I saw an implementation in a book where at the end of subscribe method Disposable.Empty was returned. The code is somewhat like below.
public class MyObservable : IObservable<int>
{
public IDisposable Subscribe(IObserver<int> observer)
{
for (int i = 0; i < 5; i++)
{
Thread.Sleep(1000);
observer.OnNext(i);
}
observer.OnCompleted();
return Disposable.Empty;
}
}
If I want to return a proper Disposable which will actually lead to unsubscribing when Dispose is called what should be the way?
I had a crack at it using this for the Observable and this for Observer
I had to introduce a subscription handler
public class SubscriptionHandler : IDisposable
{
private readonly List<IObserver<int>> _listOfObservers;
private readonly IObserver<int> _currentObserver;
public SubscriptionHandler(List<IObserver<int>> currentListOfObservers, IObserver<int> currentObserver)
{
_listOfObservers = currentListOfObservers;
_currentObserver = currentObserver;
}
public void Dispose()
{
if (_currentObserver != null && _listOfObservers.Contains(_currentObserver))
{
_listOfObservers.Remove(_currentObserver);
}
}
}
This is the code for the Observable
public class MyObservable : IObservable<int>
{
private List<IObserver<int>> _listOfSubscribedObservers = new List<IObserver<int>>();
public IDisposable Subscribe(IObserver<int> observer)
{
if (!_listOfSubscribedObservers.Contains(observer))
{
_listOfSubscribedObservers.Add(observer);
}
Task.Run(() =>
{
for (int i = 0; i < 5; i++)
{
Thread.Sleep(1000);
observer.OnNext(i);
}
observer.OnCompleted();
});
return new SubscriptionHandler(_listOfSubscribedObservers, observer);
}
}
I have a feeling that I am missing something. There has to be a built in way to return a meaningful Disposable for handcrafted Observable or this is something which comes only with Observable create helper methods?

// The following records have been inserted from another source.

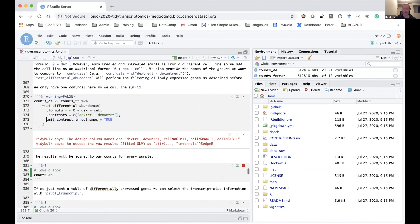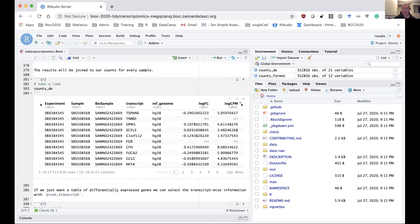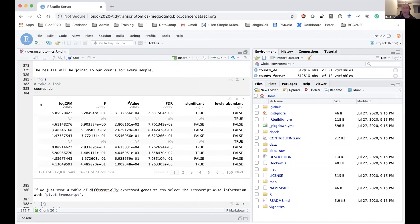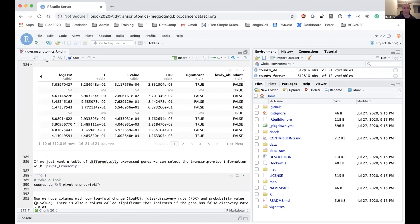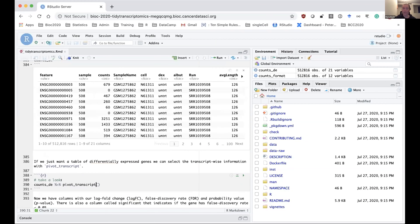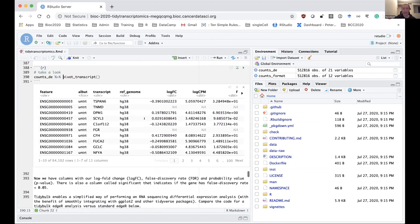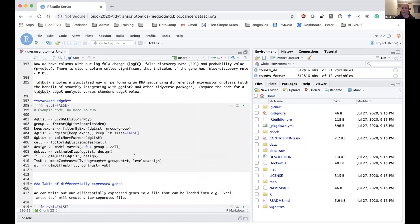Looking at the output, we have our same table we started with, and now we have columns added at the end for the log fold change, p-value, FDR (adjusted p-value), and a column called significant, which indicates whether our gene is below 0.05 FDR. If we just want the table of differentially expressed genes — one row per gene rather than one row per sample — we can use tidybulk's pivot_transcript to get that information.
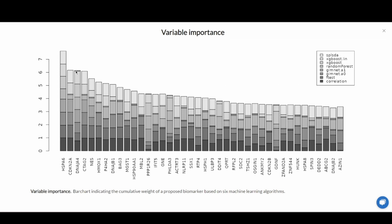This produces cumulative scores of the variable importance. Here you can see that the two most prominent biomarkers based on the combination of approaches are heat shock protein A6 and CDK-N2A.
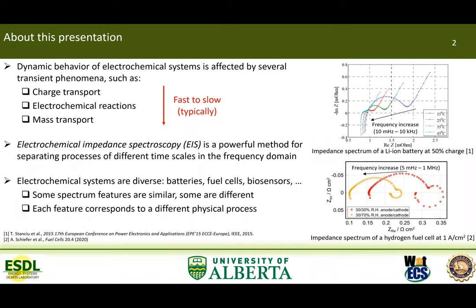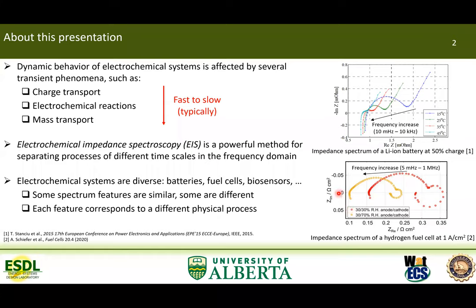Electrochemical systems are very diverse. Some of you probably work with batteries, others with fuel cells, electrolyzers, or biosensors. Nevertheless, impedance spectra of these systems share some common features. For example, the figures in this slide show impedance spectra of a lithium-ion battery and of a hydrogen fuel cell. They both have a tail at high frequencies followed by an arc. However, the low frequency response is different.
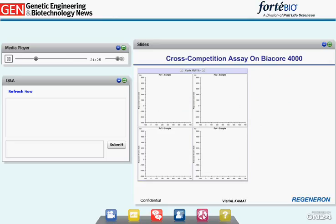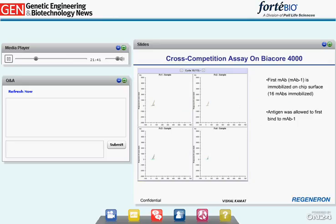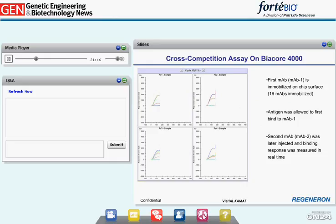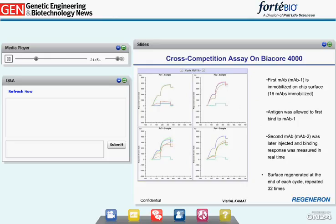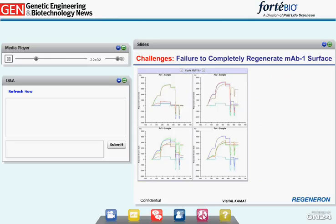Here I present an example of using the Biacore 4000 for a 32-by-32 cross-competition assay at Regeneron. We used the classical sandwich assay format, with 16 different antibodies already immobilized on the sensor chip. Antigen was injected over the MAb1 surface, followed by injection of MAb2. At the end of each cycle, the surface was regenerated to remove the captured antigen from the MAb1 surface, and the entire cycle was repeated 32 times. However, while running this assay, we encountered challenges with regeneration of the antigen from the MAb1 surface.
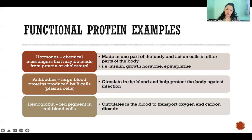Hemoglobin is another protein found in the blood — it's the red pigment that makes our red blood cells red. It's a protein that bonds to oxygen or carbon dioxide, which is why red blood cells are able to carry those gases through the blood, transporting them from one place to another. Hemoglobin performs a very critical function in our blood. Thank you so much for watching this video, and I'll see you in the next one.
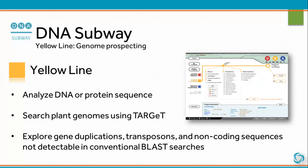The yellow line is for genome prospecting. Use the yellow line to analyze DNA or protein sequence, search plant genomes using TARGET, and explore gene duplications and transposons.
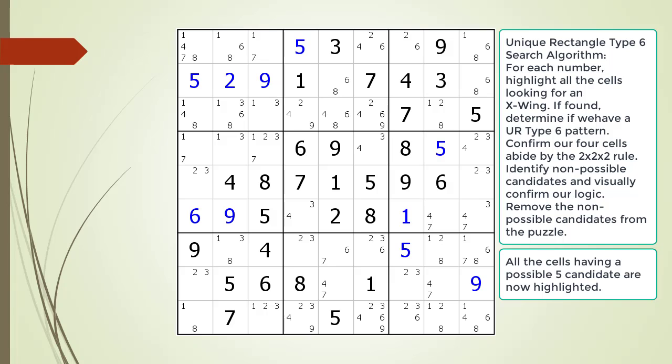All the cells having a 5 as a given or a value have been filled out, so we move on to the next number. We are now showing all the cells having a possible 6 candidate highlighted. Again we do not find any X-wings.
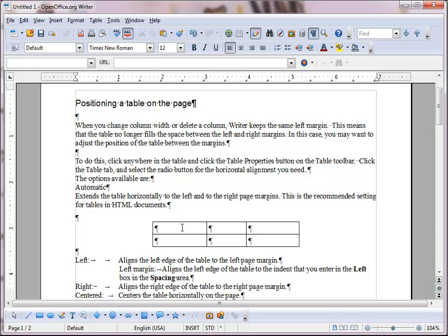Another thing we can do with a table in Writer is merge and split table cells. Multiple cells within a table can be merged to create a single larger cell. Merge cells are useful when you want to enter text that spans more than one column or more than one row.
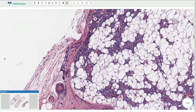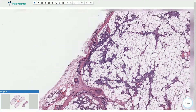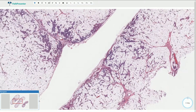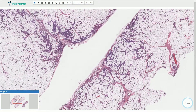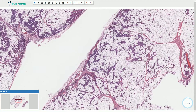Angiolipoma is a benign tumor consisting of mature adipocytes and thin-walled blood vessels with intraluminal fibrin thrombi. The vascular component can be quite prominent in some cases. On the lower magnification we can see that the tumor is well circumscribed. It has a thin fibrous capsule and is somewhat lobulated.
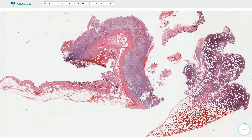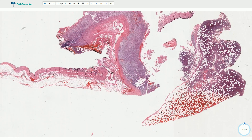Myelolipoma of the adrenal gland is a tumor or tumor-like lesion composed of adipose tissue and hematopoietic elements. It is usually a well-circumscribed lesion, typically without a capsule, and clinically it is usually asymptomatic. It is one type of incidentaloma — lesions in the adrenal glands that are discovered incidentally and are asymptomatic.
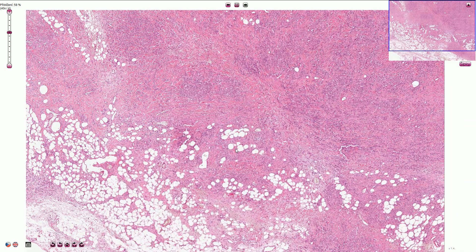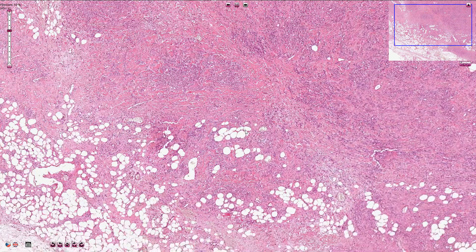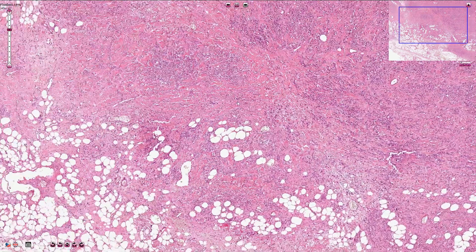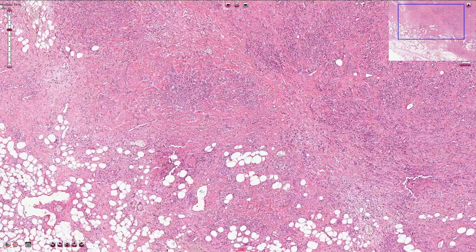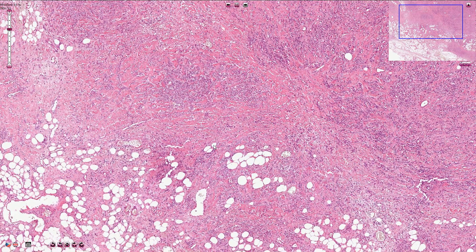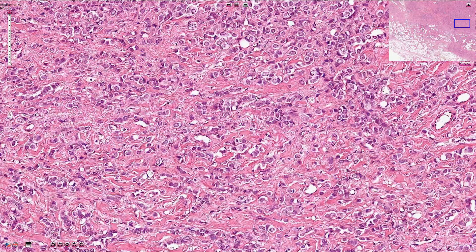Let's go closer to see how the lobular carcinoma actually looks. We can see that the tumor is invasive and it infiltrates the adipose tissue here. The lesional cells are typically arranged in lines, which is also called the Indian file pattern.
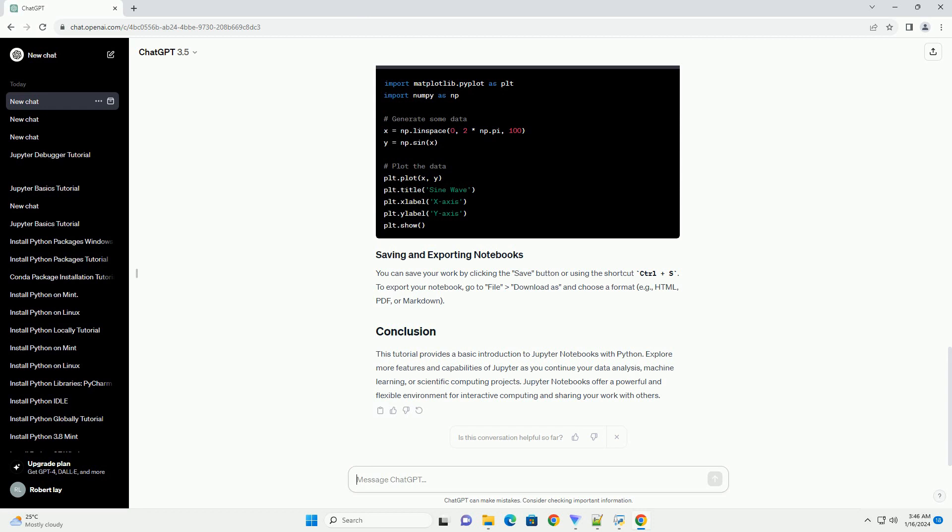Markdown cells allow you to add text, headers, lists, and more to your notebook. You can create a markdown cell, type your content, and format it using markdown syntax.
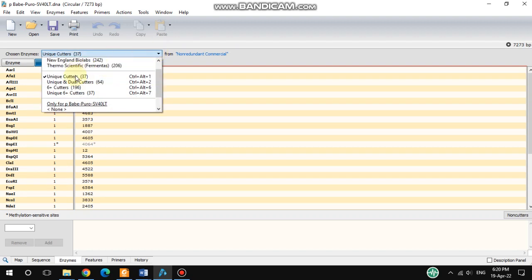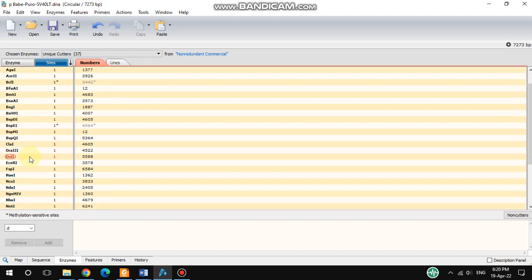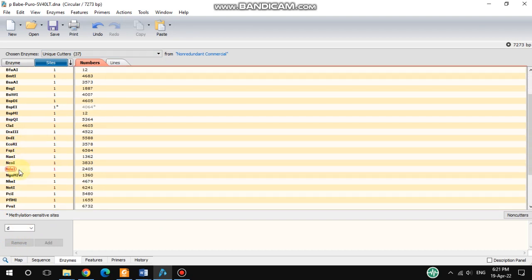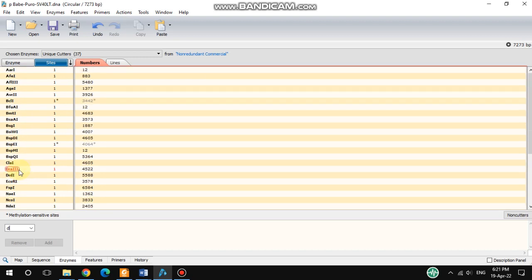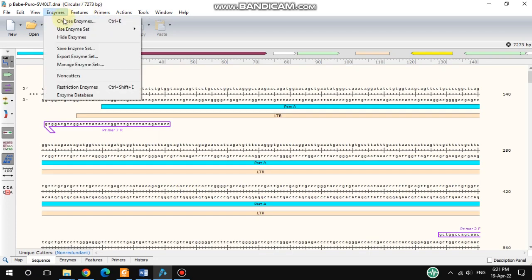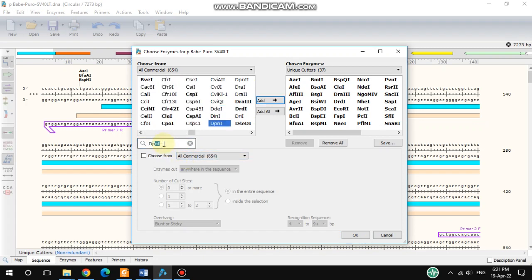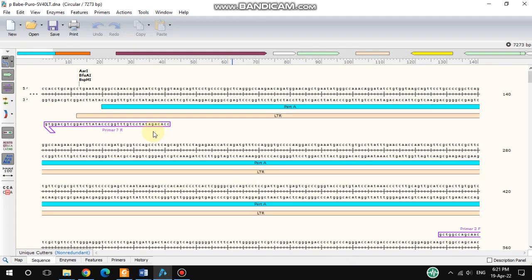If you choose any enzyme from here, there are unique cutters available. For example, if you search for DPN1, you can find it here. DPN1 may not appear in the default list, but you can add it — just type DPN1, add it, and all the added enzymes will appear.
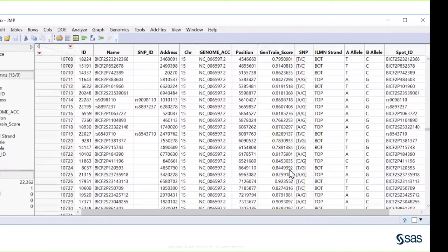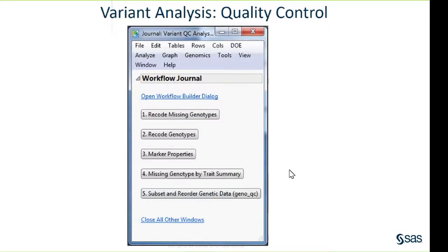We start by looking at how to clean up the data. We need to recode the genotypes, handle missing genotypes that come in with a certain missing code that SAS requires to be different, look at marker properties like distributions of major and minor allele frequencies, look at missingness by trait, and then subset and reorder the data. To recode the missing genotypes, missing values came in as an NC code, which needs to be replaced with a blank for JMP Genomics to run properly.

I should make clear that all of this is a demonstration of Rx design internals. You can have a look at classes AnonymousObservable<T>
,
AnonymousObserver<T>
, and AnonymousDisposable
, which is how the framework does it. Pretty straight forward. However, you should almost never use any of this code, rather use things like Disposable.Create
and Observable.Create
. If you're implementing an IObservable
, you're almost definitely doing it wrong.
Here's the basic idea: The observable needs to produce an IDisposable
which removes the relevant observer from the observable's internal list of observers. Your code is (wrongly) removing all observers from the internal list.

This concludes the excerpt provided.